* **Recorded information**
* * * * *

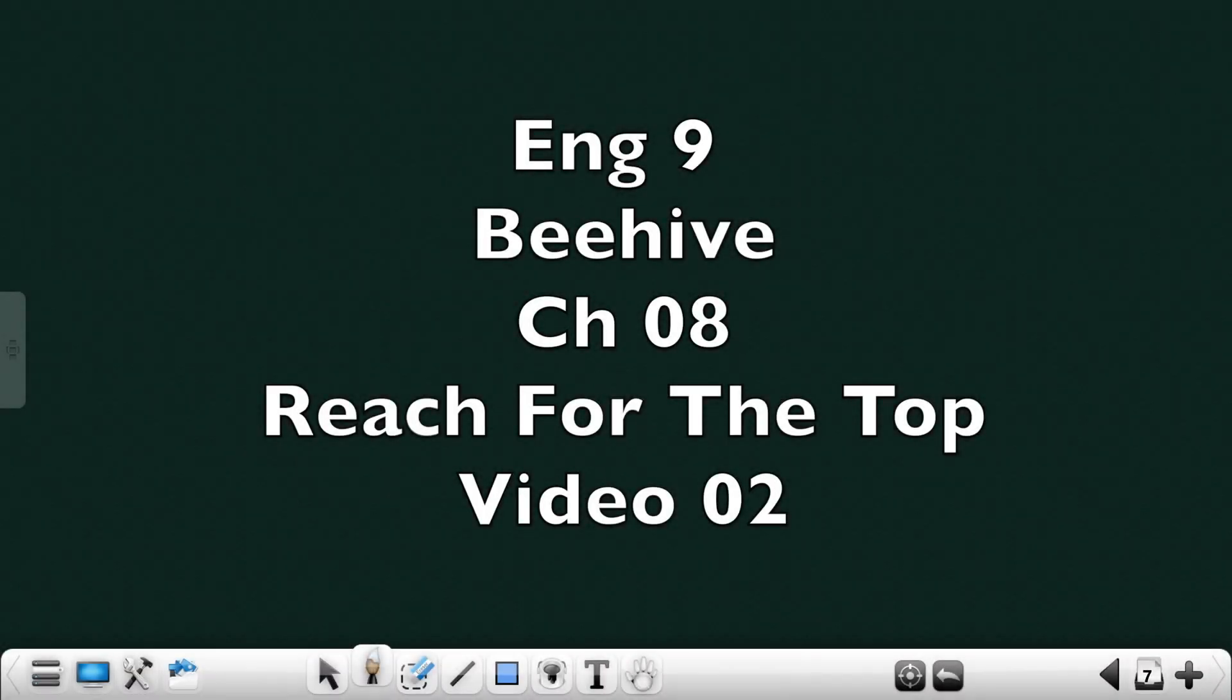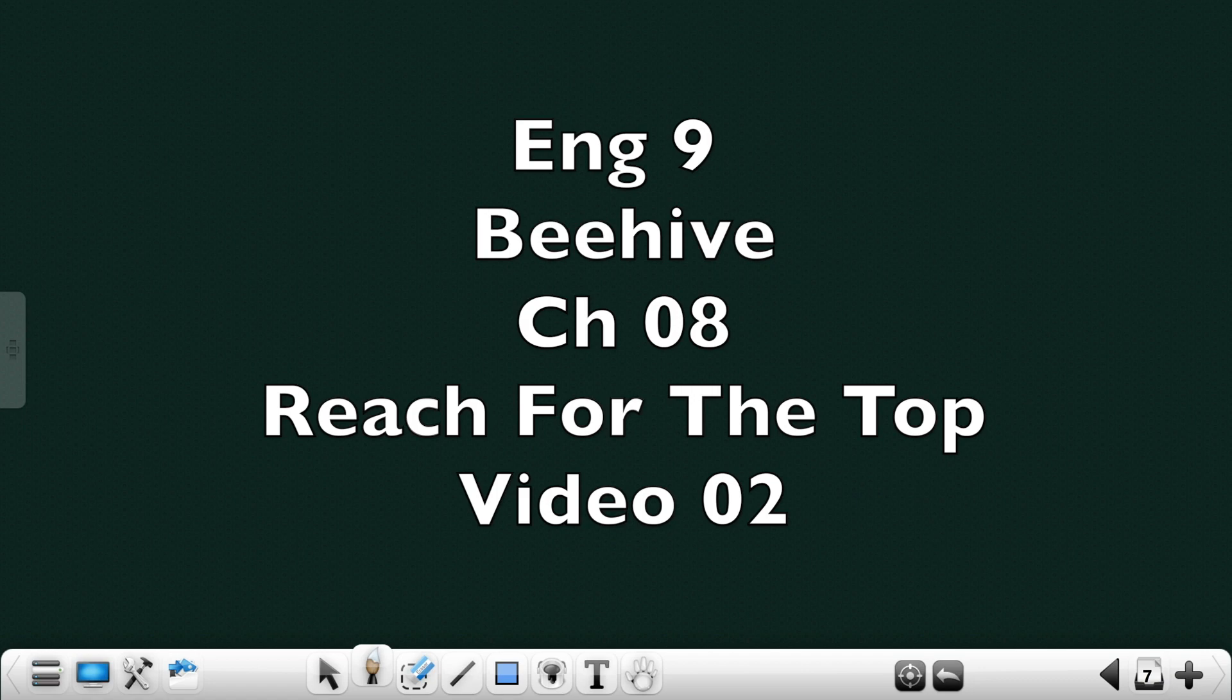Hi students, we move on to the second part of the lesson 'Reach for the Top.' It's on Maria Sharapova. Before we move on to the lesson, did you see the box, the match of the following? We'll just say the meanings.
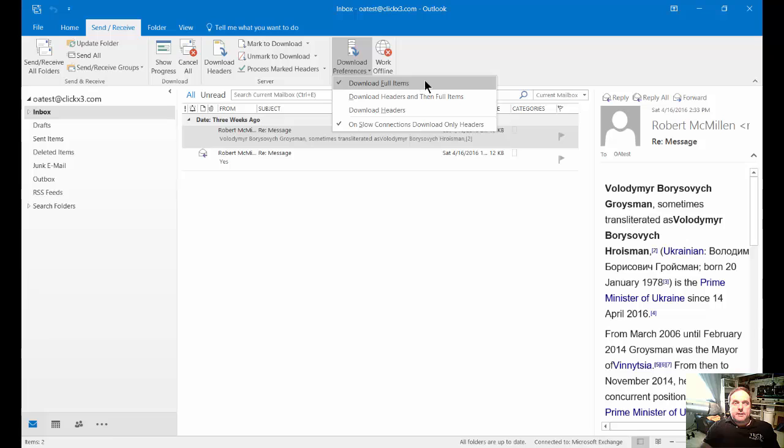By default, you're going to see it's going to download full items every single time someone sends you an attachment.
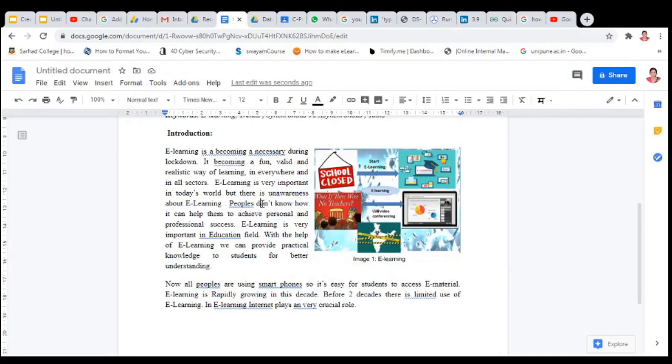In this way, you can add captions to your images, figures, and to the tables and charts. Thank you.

* * * * *

* **Exercise objective**
All that should be printed is the lines from the one containing "By default, you're" through the last line of the material above, both ends included, exactly as they stand; please skip the pictures.

* **Exercise answer**
By default, you're going to see it's going to download full items every single time someone sends you an attachment.
In this way, you can add captions to your images, figures, and to the tables and charts. Thank you.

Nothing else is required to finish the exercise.